Os dados coletados nessas provas fornecem feedback valioso para ajustar os treinos finais. Além disso, Hall destaca que essas fases são ideais para reduzir um pouco o volume de treinos, dar um respiro às pernas, aplicar um estímulo de qualidade e deixar o corpo absorver os treinos acumulados.

Para corredores mais iniciantes, o benefício da meia maratona talvez esteja menos relacionado ao limiar de lactato e mais ao fortalecimento da base aeróbica. Nesses casos, Gras recomenda controlar o esforço.

“O objetivo principal deve ser manter um ritmo alinhado ao que você busca para a maratona e sentir-se forte e confortável”, afirma Moore. “Não é necessário buscar recorde pessoal, mas sim usar a prova como um marco para avaliar sua preparação e resistência.”

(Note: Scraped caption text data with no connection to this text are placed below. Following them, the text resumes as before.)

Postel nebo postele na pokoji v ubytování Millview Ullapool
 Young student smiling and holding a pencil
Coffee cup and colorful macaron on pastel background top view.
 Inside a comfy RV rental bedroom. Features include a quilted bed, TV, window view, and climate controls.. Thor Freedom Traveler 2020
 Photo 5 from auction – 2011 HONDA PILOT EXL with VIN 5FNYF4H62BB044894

Se correr 21 km for o seu maior volume até então, Gras sugere encarar a prova em ritmo de treino e seguir com uma semana leve de recuperação depois — menos quilômetros e sem treinos de velocidade.

Também é importante aproveitar a prova-treino para testar a rotina do dia da maratona: desde a alimentação da véspera, o café da manhã pré-prova, a nutrição durante a corrida, o tênis, a roupa e até detalhes como o penteado, se aplicável.

Quanto à escolha da prova, Gras sugere encaixar a meia maratona no período em que 21 km esteja dentro do seu longo da semana. Pode ser logo após também.

Outro ponto importante é analisar o percurso.

“Recomendo escolher uma prova-treino com altimetria parecida com a da maratona-alvo”, diz Gras. “Se a sua maratona tiver subidas, procure uma meia maratona que também tenha. Além disso, correr uma prova que comece no mesmo horário da sua maratona ajuda a praticar sua rotina matinal.”